Let me tell you a story.

The youth in our church were really excited about having a Chinese Dinner for the last night of our most recent Youth Conference.  Me too!  I had the best time working up Chinese recipes for a crowd.  I planned out of this world Beef & Broccoli, Pork Fried Rice, Egg Rolls, Pork & Ginger Lettuce Wraps and a wonderful Asian Bok Choy Salad.  But dessert had me stumped.

None of the Chinese Desserts that I could think of lent themselves to easy preparation for a crowd.  Then it hit me.  Whenever my family and I went to the magical China Inn while I was growing up, they always served ice cold vanilla ice cream in small metal bowls.  The ice cream was so cold it had a thin layer of crunchy ice on the outside where they had dipped it up with a wet scoop.  Accompanying the ice cream was always an equally crunchy fortune cookie.  It was great fun and I loved it.  It was also the perfect easy solution to my large group Chinese dessert.  And it had the added benefit of being very inexpensive.

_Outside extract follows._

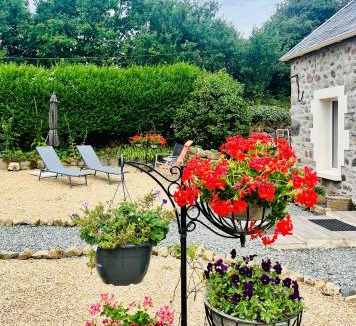 Carnoet House | Gite Les Petits Dragons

So I ordered the fortune cookies in bulk from Amazon and anxiously awaited the event.  Then I made my first mistake of the dinner.  I bought the ice cream 2 days ahead.   Heaven knows what I was thinking, but it wasn’t food storage logistics.  You see – we had no freezer space available in the dorm kitchen we were using to prep dinners for the 300 youth in attendance.  No.  Freezer.   Apparently what I was thinking was that I could stick the ice cream in a cooler and it would stay frozen and cold.

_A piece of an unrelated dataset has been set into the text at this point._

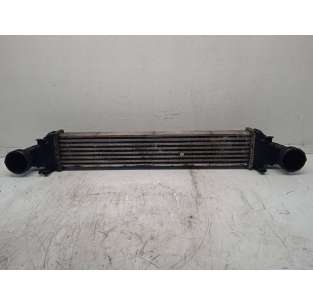 INTERCOOLER MERCEDES-BENZ...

Helpful Hint #1 – Your ice cream will NOT stay frozen in a cooler without dry ice for more than about 30 minutes.

Fortunately my dear husband, and partner in crime for this endeavor, suggested dry ice.  Which we got.  And put on bottom of the ice chest and packed the ice cream on top.

Helpful Hint #2 – When using dry ice to cool your ice cream, put it on TOP of the ice cream (remember from Junior High science?? – heat rises and cold air sinks!)

And then (I can only plead insanity due to the magnitude of the event) I happily assumed the dry ice and the coolers would keep the ice cream cold for the next two days.  In fact, I was so busy cooking and serving I didn’t even give the ice cream a second thought until it was time to serve dessert.  And the ice cream?  Well, to say it was mostly delicious soup would be charitable.

Helpful Hint #3 – Do not plan on storing your ice cream longer than about 4 HOURS even in a cooler with dry ice.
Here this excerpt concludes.